La centralità degli argomenti di marketing è fondata su tre aspetti salienti:

  • la mission, ovvero la “dichiarazione di intenti”, lo scopo ultimo di un’impresa od organizzazione, nonché la giustificazione della sua esistenza. Solitamente la mission viene determinata dalla risposta, in un unico motto, a tre domande: chi siamo? Cosa vogliamo fare? E perché lo facciamo?
  • la vision, utilizzata nella gestione strategica del marketing aziendale, ed atta ad indicare ipotetici scenari futuri che possano rispecchiare i valori, gli ideali e le aspirazioni degli obiettivi determinati e delle azioni prefissate.
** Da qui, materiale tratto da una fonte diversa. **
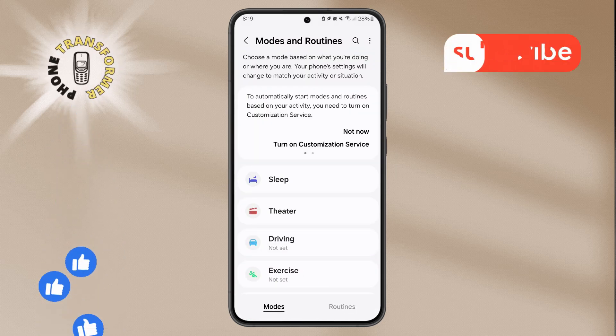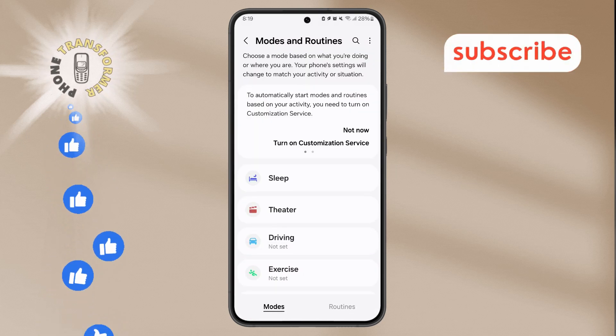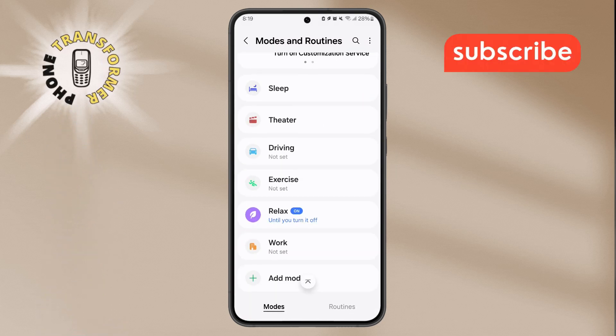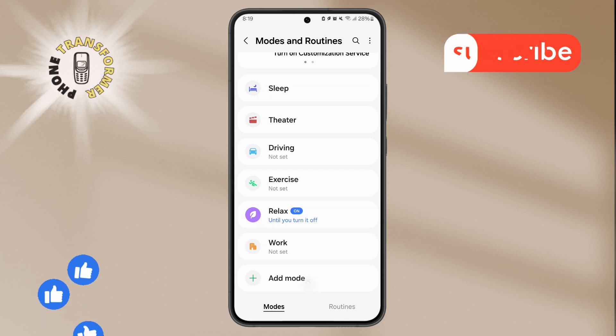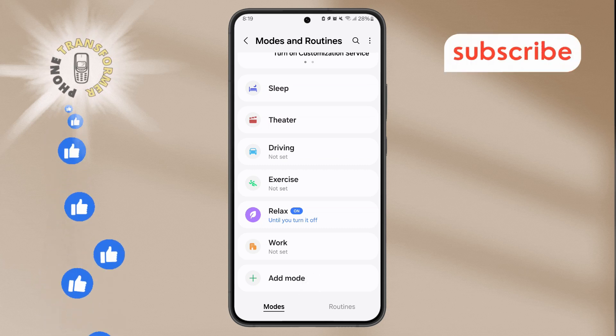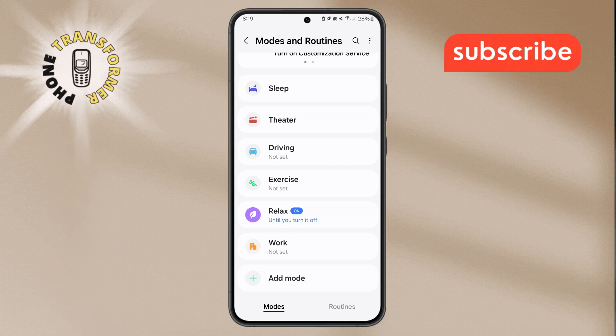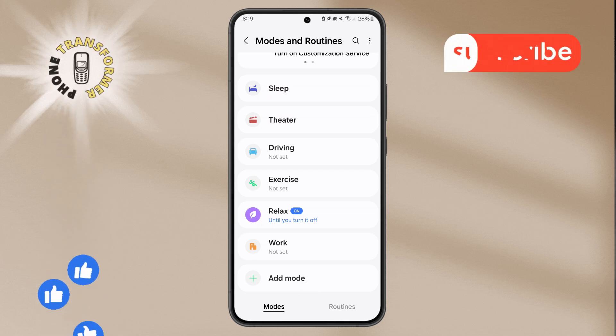Step 3. In the Modes and Routines section, you'll see a list of modes. Look for the one called Relax and tap on it to open its settings.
Nel management aziendale, la vision delinea inoltre gli obiettivi di lungo termine e l’interpretazione del ruolo dell’azienda nel contesto economico e sociale al quale essa si rivolge;
  • la promise, ovvero la promessa che l’organizzazione o l’azienda citano per il raggiungimento di un intento comune con il consumatore del prodotto o servizio. Questa dinamica è fondamentale perché costituirà le basi sulle quali verranno erette le dinamiche del rapporto. La promise si esprime nell’unione di mission e vision aziendali mediante la comunicazione. 

Il processo di chiarimento e definizione di valori, missione e visione aziendale inizia con la creazione di un team di progettazione che deve avere al suo interno i rappresentanti di tutti i settori dell’organizzazione.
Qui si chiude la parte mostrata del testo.